When I run Windows these days, I assume every single part of it is compromised, either by scummy third party software running in the background or by Microsoft's scummy software running in the background. This includes cameras, microphones, any radio, the networking stack, any drives (local or network) the machine can so much as ping, everything. I have a special vlan prison I put my Windows machines in because I treat them like the hostile attackers they are.
Say what you will about Apple's "walled gardens" but every time a frustrated 3rd party developer complains online that they can't do X, Y, or Z on Macs because of permissions or security, I get a little more comforted that my Mac's software is not constantly attacking me.
When you say "black electrical tape" do you mean from, say, Harbor Freight, or from 3M? Since the 3M stuff blocks UV fairly well, i can't really see light getting through it, although i'd have to find some to test.
years and years ago we'd buy a roll of film, pull it out in the sun, and then get it developed but not printed. You could use that as an IR-passthrough filter on a camera lens - this is if my memory isn't faulty.
You gotta open the window to find out how hot it is. After noon, stand facing West and see how many hand-widths between the horizon and the sun… each hand-width is an hour until sunset. Source: Boy Scouts
My office does not have windows (the hole in the wall, not the OS). Also, I usually don't want to know the weather right now, but in the next couple of hours or rest of day.
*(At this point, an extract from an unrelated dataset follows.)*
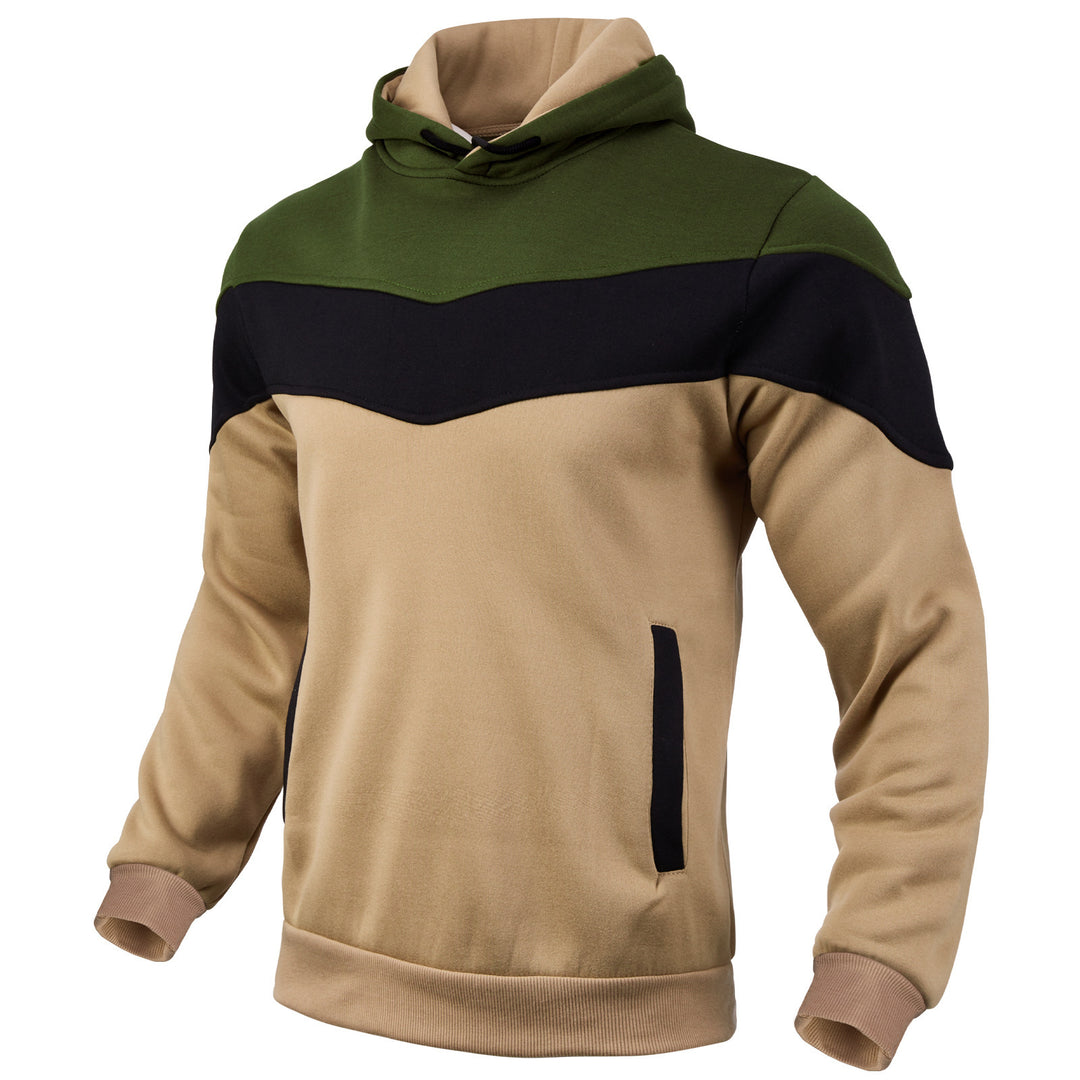 Herren nan Colorblock-Kapuzenpullover mit hohem Schalkragen, verdeckten Eingrifftaschen und gerippten Bündchen EB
It's not a obsession, it's a handy piece of information which is nice when I'm able to check it at a glance and not have to open some app/website.
I had a coworker who didn't have a window, but did have a whiteboard. If there was a significant change in weather is go draw it on "window" on his whiteboard.
It shouldn't be preinstalled, but it should be easy to find professionally reviewed applications for the most common user application categories. Android's Google Play Store has "editor's choice" for example. If Ubuntu is trying to be THE desktop linux, this is something they should be doing.
Because even if Ubuntu knows that, users often want conflicting things.
User A may want a weather app preinstalled; user B may not want their computer knowing their location. User A and user B might even be the same person.
And that's assuming Ubuntu knows it, which let's be real, Ubuntu isn't great at knowing what its users want.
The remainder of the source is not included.